The U.S. Supreme Court is seen near sunset on Thursday, Oct. 4, 2018 in Washington, D.C.

The U.S. Supreme Court has agreed to hear an appeal in a Douglas County traffic stop case, Kansas Attorney General Derek Schmidt announced Monday.

Oral arguments in the appeal, Kansas v. Charles Glover, will be set for the fall.

“I am encouraged by the U.S. Supreme Court’s decision to hear our appeal to help bring clarity to this aspect of the law,” Schmidt said, in the news release. “Numerous other state supreme courts and federal courts have ruled it is reasonable for an officer to suspect the registered owner of a vehicle is the person driving their car.”

In the Glover case, an officer on routine patrol ran a registration check on a pickup truck with a Kansas license plate, Schmidt said. The Kansas Department of Revenue database indicated the truck was registered to a person with a revoked license. Without seeing other traffic infractions or identifying the driver, the officer pulled over the truck, found the registered owner was in fact driving and cited him as a habitual violator for driving while his license was revoked.

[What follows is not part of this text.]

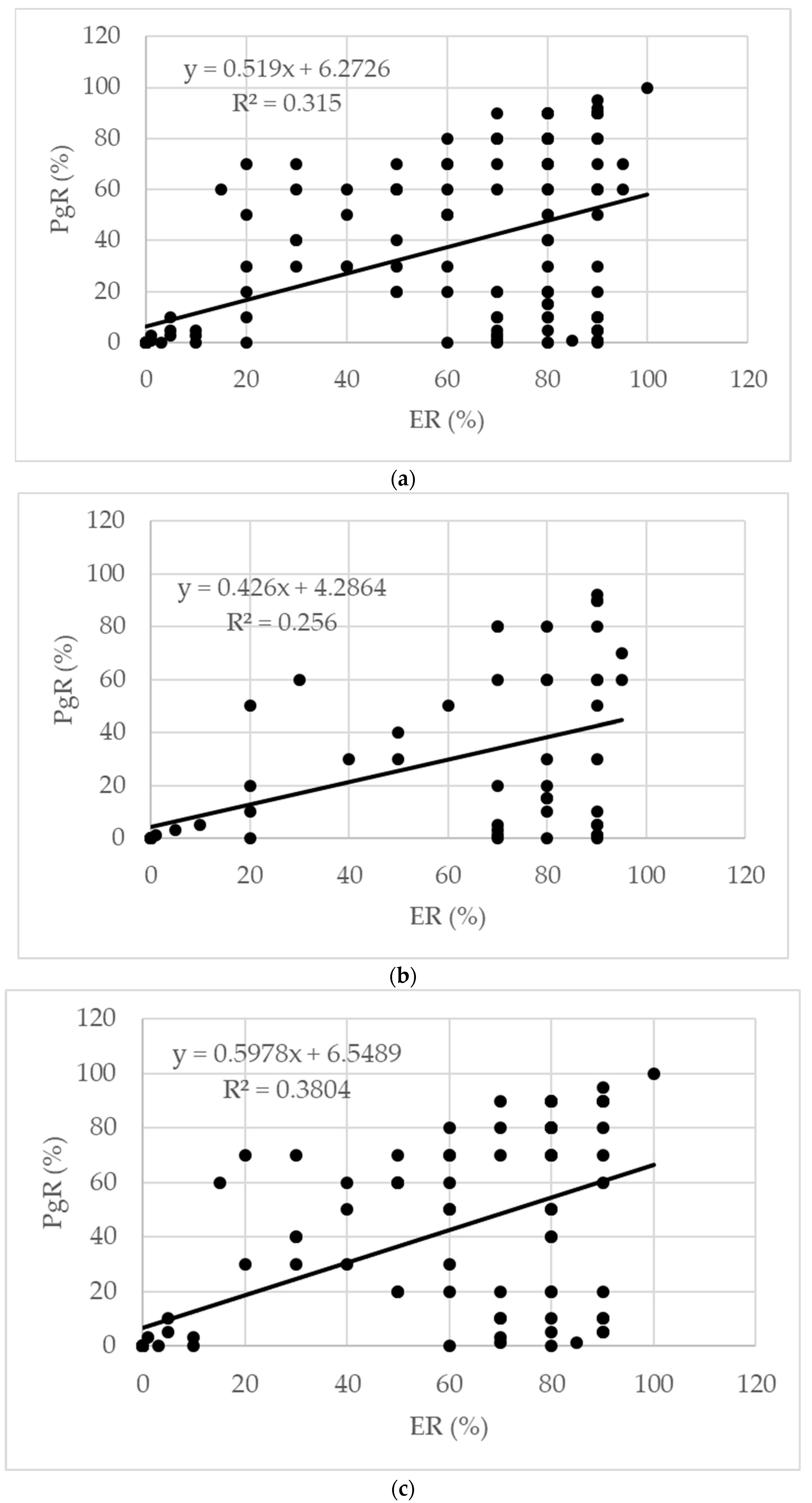 Jpm 14 00434 g002 Jpm 14 00434 g002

In July 2018, the Kansas Supreme Court decided that wasn’t proper.

The Kansas court held that without more information, it is not reasonable under the Fourth Amendment to the U.S. Constitution for a police officer to suspect that the registered owner of a vehicle is the person driving the vehicle, according to Schmidt. Thus, he said, the court held that law enforcement officers can’t make a routine vehicle stop when the officer knows the registered owner doesn’t have a valid license and has no reason to think that anyone other than the owner is driving.

Further state court proceedings in the Glover case are on hold until the U.S. Supreme Court issues a ruling on the merits in the appeal, Schmidt said.

The appeal is one of three Kansas cases the AG’s office plans to argue before the U.S. Supreme Court this fall.